Silhouettes of Diversity Exhibition on Display on Ames First Floor

November 5, 2021

BLOOMINGTON, Ill. — Exploring the diversity of figure and design, the exhibit Silhouettes of Diversity will be on display on the first floor of The Ames Library, Oct. 26 through Nov. 9, 2021.

Silhouettes of Diversity is an exhibition of the silhouettes of students in the “Designing for People” course taught by William Bullock in the Ames School of Art. The exhibit celebrates diversity by emphasizing the diversity of size, shape and stature that designers must consider. 

Bullock said, "I wanted the students to understand the diverse sizes, shapes and stature of the human body that must be accommodated in designing useful and pleasurable products for people. The black paper silhouette images on a white background depict active student poses and provide an objective introspective as a way of celebrating our diversity."
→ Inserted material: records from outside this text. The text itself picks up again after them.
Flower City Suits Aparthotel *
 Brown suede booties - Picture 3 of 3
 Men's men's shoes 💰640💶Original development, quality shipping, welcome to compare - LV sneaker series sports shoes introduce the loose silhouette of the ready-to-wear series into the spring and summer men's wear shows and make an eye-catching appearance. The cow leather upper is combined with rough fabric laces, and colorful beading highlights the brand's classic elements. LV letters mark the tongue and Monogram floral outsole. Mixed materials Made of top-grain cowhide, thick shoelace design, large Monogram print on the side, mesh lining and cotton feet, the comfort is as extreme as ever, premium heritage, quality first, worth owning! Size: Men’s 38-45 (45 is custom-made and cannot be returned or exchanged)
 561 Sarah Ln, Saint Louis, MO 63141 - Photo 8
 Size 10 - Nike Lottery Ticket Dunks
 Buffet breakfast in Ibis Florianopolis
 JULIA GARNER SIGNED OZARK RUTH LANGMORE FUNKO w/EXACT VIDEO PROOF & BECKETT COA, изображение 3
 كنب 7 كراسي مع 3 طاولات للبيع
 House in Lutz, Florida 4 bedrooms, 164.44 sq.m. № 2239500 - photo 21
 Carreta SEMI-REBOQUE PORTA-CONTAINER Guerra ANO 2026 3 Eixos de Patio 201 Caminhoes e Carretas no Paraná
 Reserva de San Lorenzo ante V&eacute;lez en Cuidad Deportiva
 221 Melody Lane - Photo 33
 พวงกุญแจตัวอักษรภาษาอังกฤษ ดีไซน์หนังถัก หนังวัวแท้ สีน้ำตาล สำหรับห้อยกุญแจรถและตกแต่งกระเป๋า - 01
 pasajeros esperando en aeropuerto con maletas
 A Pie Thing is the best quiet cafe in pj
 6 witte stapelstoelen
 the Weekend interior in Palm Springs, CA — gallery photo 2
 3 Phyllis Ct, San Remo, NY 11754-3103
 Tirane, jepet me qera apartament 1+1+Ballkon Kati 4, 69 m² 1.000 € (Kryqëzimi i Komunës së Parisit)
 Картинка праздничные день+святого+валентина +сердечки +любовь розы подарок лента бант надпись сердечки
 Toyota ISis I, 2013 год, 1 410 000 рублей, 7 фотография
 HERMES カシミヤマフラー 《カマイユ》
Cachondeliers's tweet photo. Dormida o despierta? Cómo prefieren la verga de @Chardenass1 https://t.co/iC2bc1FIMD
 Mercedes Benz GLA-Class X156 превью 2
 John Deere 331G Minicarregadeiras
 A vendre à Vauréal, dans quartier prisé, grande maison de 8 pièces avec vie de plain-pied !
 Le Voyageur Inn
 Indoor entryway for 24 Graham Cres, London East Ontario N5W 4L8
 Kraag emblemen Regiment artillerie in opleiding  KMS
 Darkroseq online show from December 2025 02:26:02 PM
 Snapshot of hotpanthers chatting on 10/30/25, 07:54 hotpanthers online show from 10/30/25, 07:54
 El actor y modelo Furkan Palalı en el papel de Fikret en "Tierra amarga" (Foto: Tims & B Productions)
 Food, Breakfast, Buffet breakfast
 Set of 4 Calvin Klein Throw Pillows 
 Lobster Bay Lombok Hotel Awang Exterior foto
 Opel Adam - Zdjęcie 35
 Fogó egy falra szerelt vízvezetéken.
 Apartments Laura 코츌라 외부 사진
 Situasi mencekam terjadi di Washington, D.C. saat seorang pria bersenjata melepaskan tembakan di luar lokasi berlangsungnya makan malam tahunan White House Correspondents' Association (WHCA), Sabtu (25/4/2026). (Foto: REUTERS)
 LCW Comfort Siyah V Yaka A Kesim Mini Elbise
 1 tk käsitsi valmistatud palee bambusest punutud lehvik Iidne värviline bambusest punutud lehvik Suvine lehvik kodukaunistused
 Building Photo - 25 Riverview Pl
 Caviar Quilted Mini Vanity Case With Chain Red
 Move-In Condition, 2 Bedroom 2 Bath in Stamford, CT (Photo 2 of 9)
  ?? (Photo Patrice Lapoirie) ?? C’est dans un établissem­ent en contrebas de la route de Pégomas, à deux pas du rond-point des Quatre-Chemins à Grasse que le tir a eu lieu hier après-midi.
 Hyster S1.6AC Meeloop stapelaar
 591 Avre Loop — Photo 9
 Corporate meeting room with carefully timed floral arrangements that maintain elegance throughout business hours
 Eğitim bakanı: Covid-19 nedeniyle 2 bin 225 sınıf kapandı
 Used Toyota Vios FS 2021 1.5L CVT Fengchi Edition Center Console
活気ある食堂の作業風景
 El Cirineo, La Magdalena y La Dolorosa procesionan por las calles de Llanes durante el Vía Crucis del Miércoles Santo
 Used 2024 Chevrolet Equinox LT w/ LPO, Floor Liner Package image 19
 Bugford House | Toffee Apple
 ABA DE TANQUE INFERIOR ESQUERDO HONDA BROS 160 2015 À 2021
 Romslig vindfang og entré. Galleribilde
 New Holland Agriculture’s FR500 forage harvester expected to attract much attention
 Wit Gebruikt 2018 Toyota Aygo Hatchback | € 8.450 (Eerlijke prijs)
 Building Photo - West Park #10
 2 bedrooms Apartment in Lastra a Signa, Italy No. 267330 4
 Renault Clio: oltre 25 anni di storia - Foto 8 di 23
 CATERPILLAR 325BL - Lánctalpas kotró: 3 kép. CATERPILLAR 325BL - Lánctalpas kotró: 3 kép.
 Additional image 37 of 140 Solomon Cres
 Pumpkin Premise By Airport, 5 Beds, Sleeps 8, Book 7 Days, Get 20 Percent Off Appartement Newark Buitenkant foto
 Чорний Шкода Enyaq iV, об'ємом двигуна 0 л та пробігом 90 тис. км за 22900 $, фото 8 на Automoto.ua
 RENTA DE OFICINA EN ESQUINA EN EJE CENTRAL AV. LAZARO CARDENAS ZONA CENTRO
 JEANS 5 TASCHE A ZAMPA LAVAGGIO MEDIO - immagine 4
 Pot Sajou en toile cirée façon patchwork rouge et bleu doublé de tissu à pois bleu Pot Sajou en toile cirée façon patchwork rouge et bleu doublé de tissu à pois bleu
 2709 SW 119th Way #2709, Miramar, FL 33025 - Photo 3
Displayed as a poster wall, the exhibit creates an interactive experience for viewers with life-sized silhouettes of diverse figures. The figures display a variety in size, shape and activity emphasized by the simplistic design of black paper atop a white background. Additionally, anthropometric data is incorporated into the exhibit via specific charts for each figure and, more generally, through a reference image of human anatomy to provide scaling tools.

Associate Professor Meg Miner coordinates exhibits in The Ames Library and stated, "The exhibit is thought-provoking in that it allows viewers to consider the designers' humanity while also considering how strikingly different we all are. The data that is included about averages of body sizes drives home the point that designers have to take a kind of scaling approach for all of human variability into account."

On Oct. 26, an opening lecture titled “Designing for Diverse People” was held to open the exhibit. The talk, sponsored by the IWU Office of Diversity and Inclusion, was given by Illinois State University’s Dryell Ashley.

Ashley stated, “Artists and designers create products that fit the needs of the people who use them. As humans we are all similar. Our bodies are designed using bones and muscles and the same circulatory systems and metabolic functions, with similar brain layouts. Yet, we are all individuals, different in size, shape and appearance.”

The Ames Library is open Monday through Thursday, 7:45 a.m.-1:30 a.m.; Friday, 7:45 a.m.-10 p.m.; Saturday, 10 a.m.-10 p.m.; and Sunday, 12 p.m.-1:30 a.m. The library is free and open to the public. However, after 8 p.m. Sunday through Thursday, and 6 p.m. Friday and Saturday, the library is only accessible by I.D. card swipe.